The Good Life: It’s Time To Rethink Our Laws About Shootings
We are stuck.
People are dying, yet we are stuck.
We are afraid of changing laws to keep some of us alive, because we might, maybe, give someone in government some information about our private lives – as though “private lives” still exist.
Have you sent your DNA to 23andme or Ancestry.com to discover whether you have wed your second cousin?
The government has your entire DNA map.
Have you invested in a retirement account? Government has a list for that. Do you click on pornographic web sites? Yep. List. Somewhere. Oh, the CIA and the National Security Agency will deny having such lists. That’s their business, to deny having stuff that they have.
If government runs background checks for prospective gun buyers, it can know who is buying guns — as though it does not already have a pretty good idea. Gun dealers file tax returns.

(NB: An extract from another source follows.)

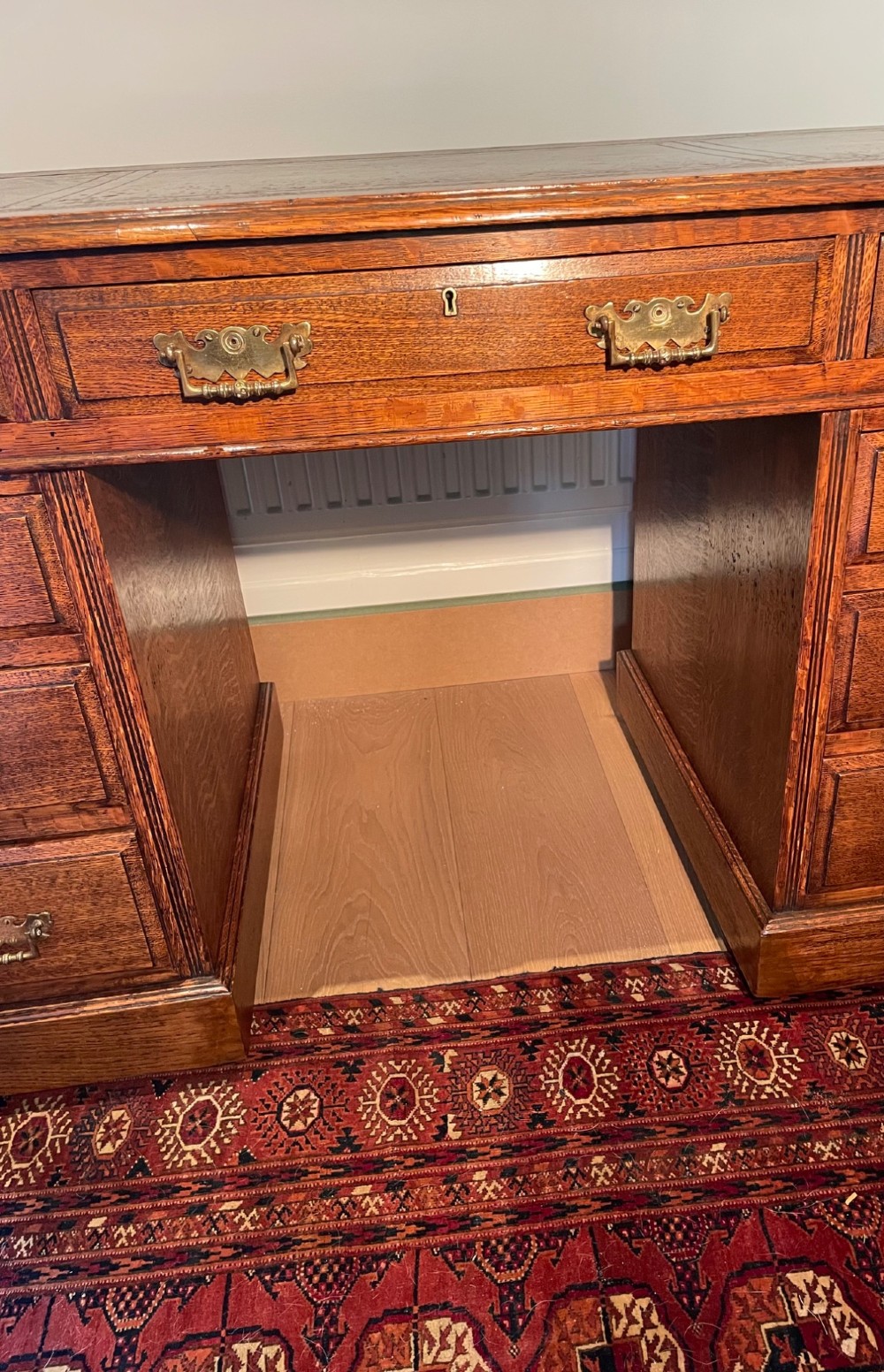 A Victorian oak pedestal desk featuring a gold-tooled leather writing top, nine drawers, and brass handles on a plinth base. View VI
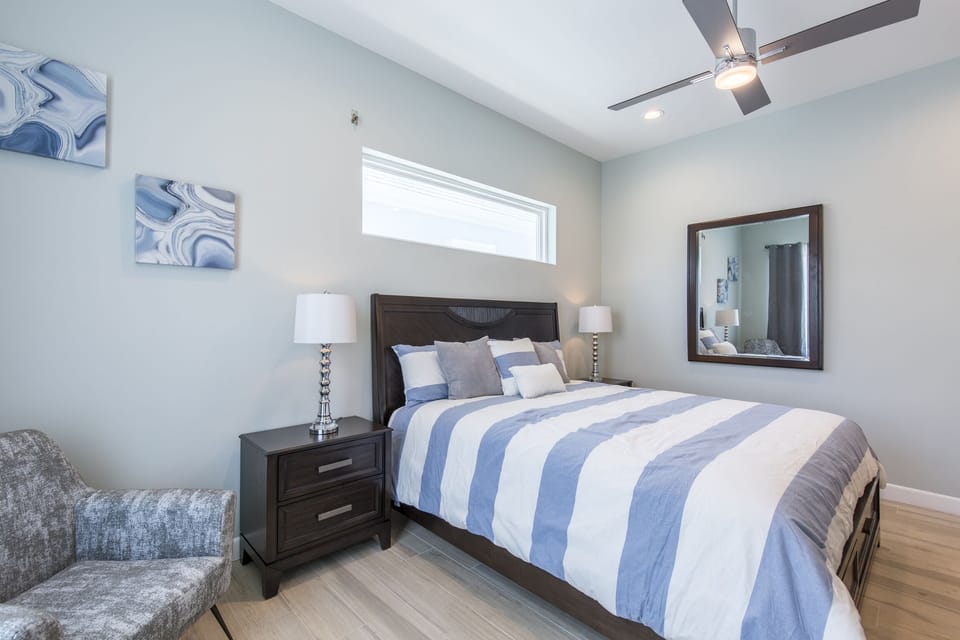 Second floor guest bedroom with queen bed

BATF (the “F” is for “firearms”) agents inspect records of gun dealers.
No, background checks will not stop mass shootings.
They will, however, damn sure cut down on the number.

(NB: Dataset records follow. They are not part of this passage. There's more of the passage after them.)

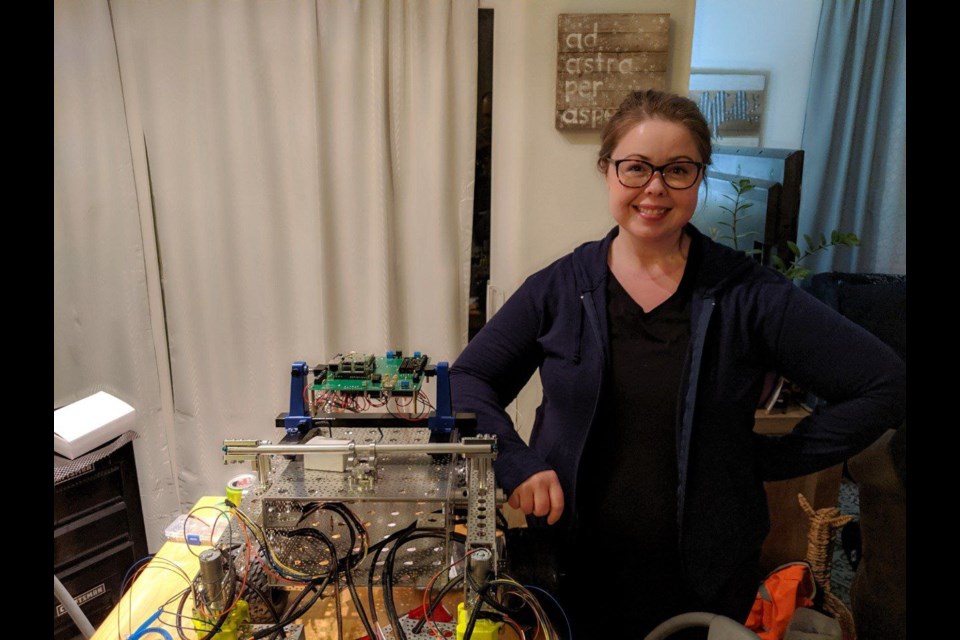 Valerie Eastman, CEO and founder of WinterWinds Robotics stands with a prototype. 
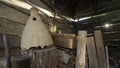 Interior of an old rustic wooden barn with a hive of wild bees, basket Royalty Free Stock Photo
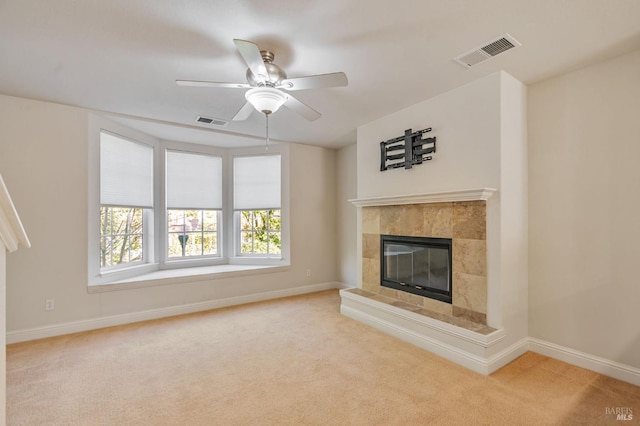 unfurnished living room with baseboards, a tiled fireplace, and visible vents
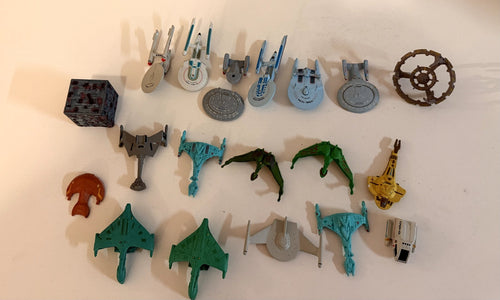 Second angle of the Star Trek Micro Machines lot showing the Borg cube and station pieces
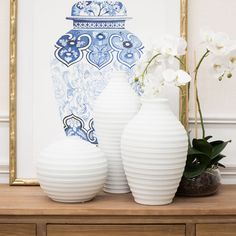 two white vases sitting next to each other on a wooden table in front of a blue and white wall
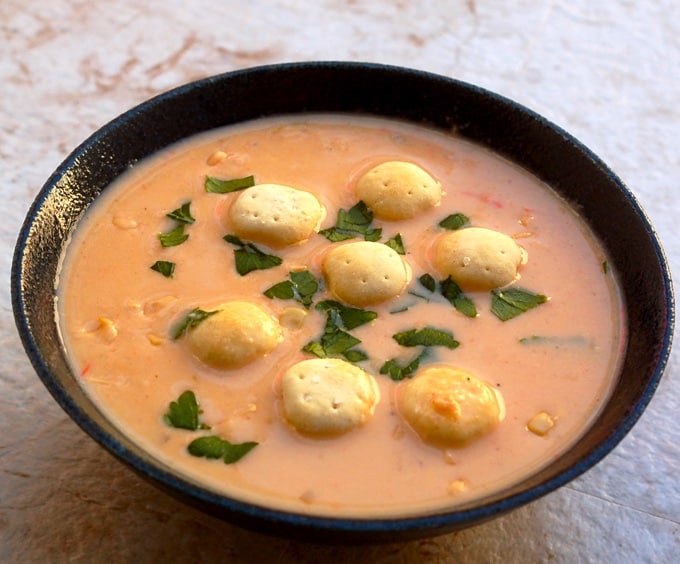 Bowl of spicy seafood chowder topped with parsley and chowder crackers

Limiting the availability of rapid-fire semiautomatic weapons and limiting the capacity of ammunition magazines will not stop mass shootings.

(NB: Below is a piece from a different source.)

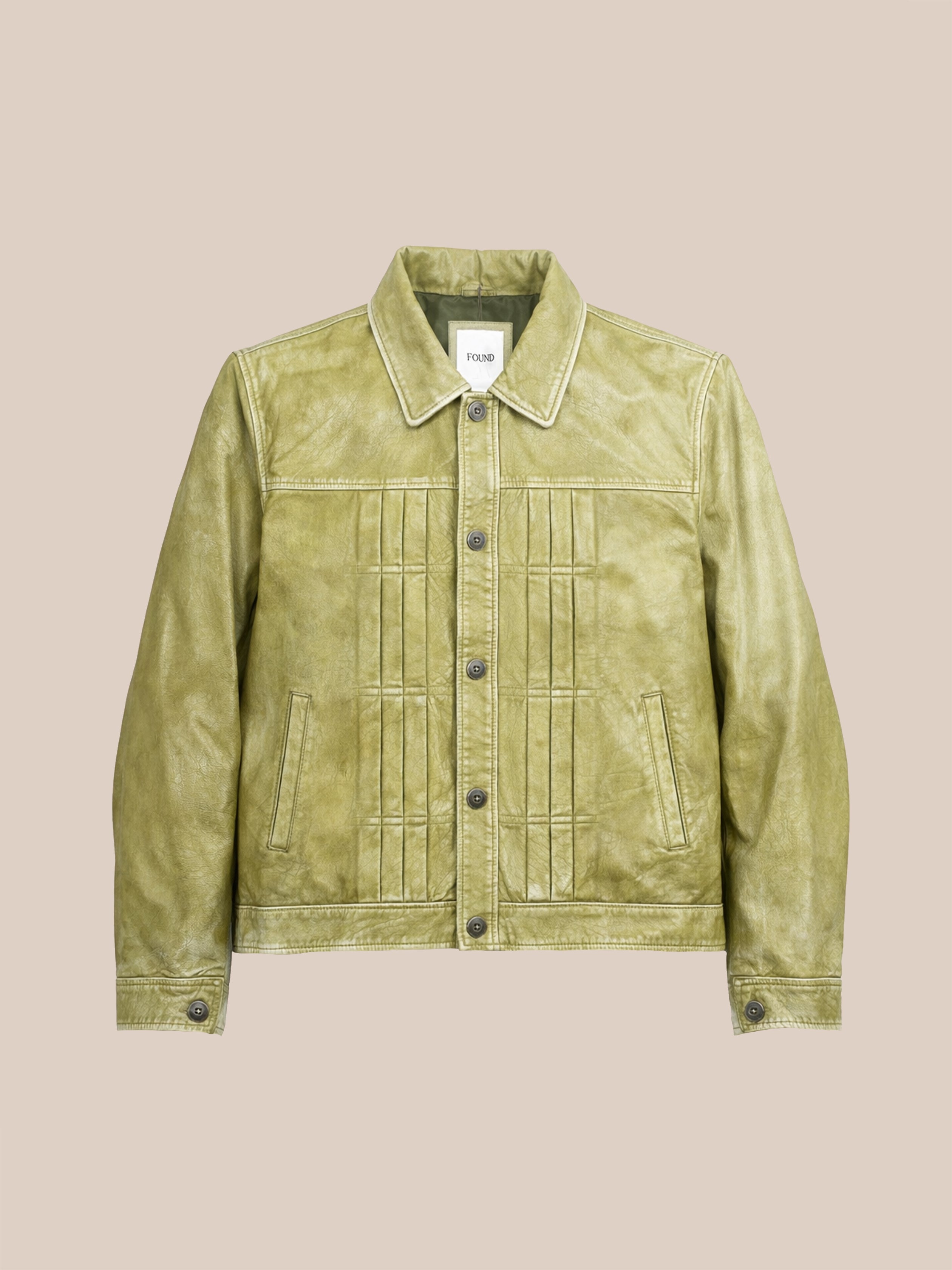 The FOUND Trucker Leather Jacket in light washed green features a collar, button front, vertical stitching details, and two side pockets in a relaxed fit, shown on a plain beige background.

Those limits will, however, slow the rate of fire of shooters. Fewer people killed within a given time allows for countermeasures — in plain language, kill the shooters, create fewer victims.
We ought not to eliminate the right of people to have handguns of reasonable power and capacity. Concealed carriers can stop mass shooters; home defenders can stay alive by killing home invaders.
But we ought to, in effect, license gun buyers, just as we license motor vehicle drivers and owners. We can harshly penalize misuse of such records. But we need to look, as much as we can within the constraints of a free society, at whether people exhibit clear and present danger — a legally precise term — of dangerous behavior.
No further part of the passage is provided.